## PROBLEM DESCRIPTION:
Print all of the data exactly, but drop the pictures.

[[ DATA TO PROCESS, beginning ]]

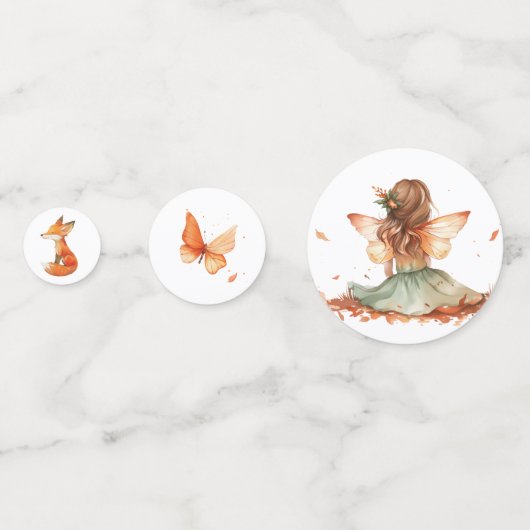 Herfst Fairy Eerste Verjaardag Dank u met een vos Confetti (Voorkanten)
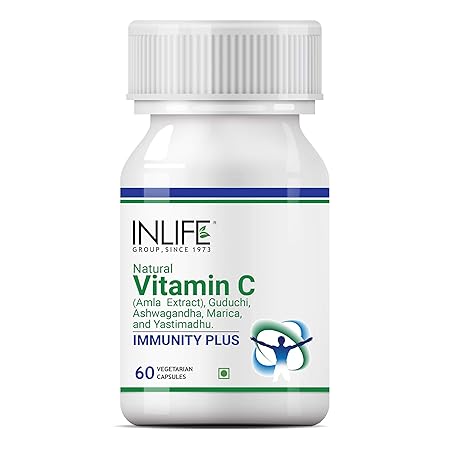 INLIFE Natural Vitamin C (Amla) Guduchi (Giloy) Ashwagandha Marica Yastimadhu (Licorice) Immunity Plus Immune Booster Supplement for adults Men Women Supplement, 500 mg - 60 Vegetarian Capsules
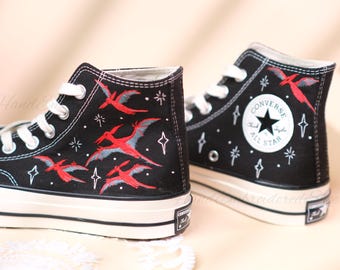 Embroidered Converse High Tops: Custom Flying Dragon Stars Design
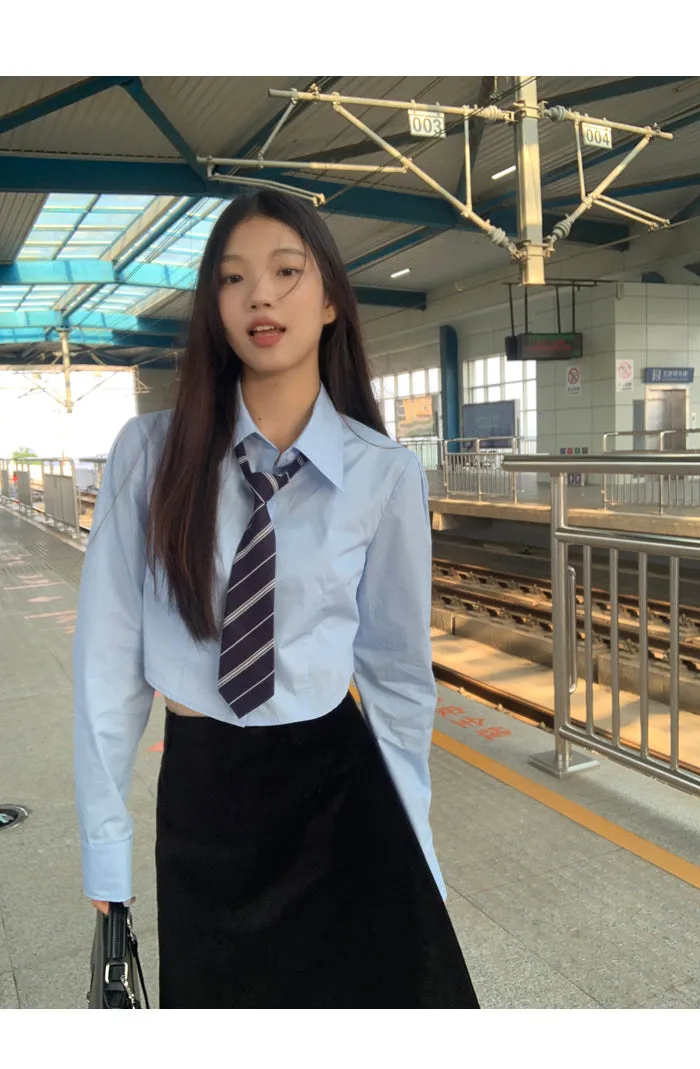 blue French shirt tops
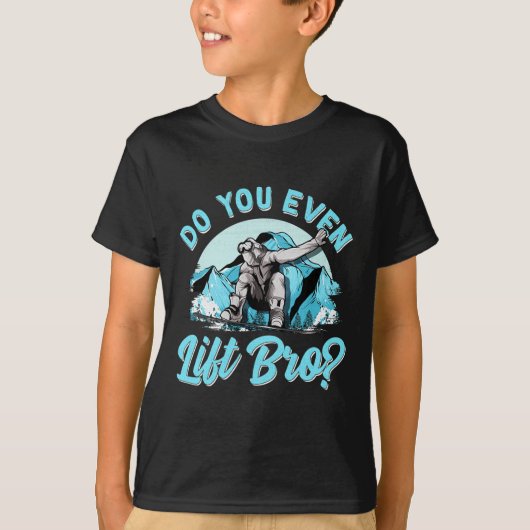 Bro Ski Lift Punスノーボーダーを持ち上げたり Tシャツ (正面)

[[ DATA TO PROCESS, end ]]

## EXERCISE ANSWER:
 Herfst Fairy Eerste Verjaardag Dank u met een vos Confetti (Voorkanten)
 INLIFE Natural Vitamin C (Amla) Guduchi (Giloy) Ashwagandha Marica Yastimadhu (Licorice) Immunity Plus Immune Booster Supplement for adults Men Women Supplement, 500 mg - 60 Vegetarian Capsules
 Embroidered Converse High Tops: Custom Flying Dragon Stars Design
 blue French shirt tops
 Bro Ski Lift Punスノーボーダーを持ち上げたり Tシャツ (正面)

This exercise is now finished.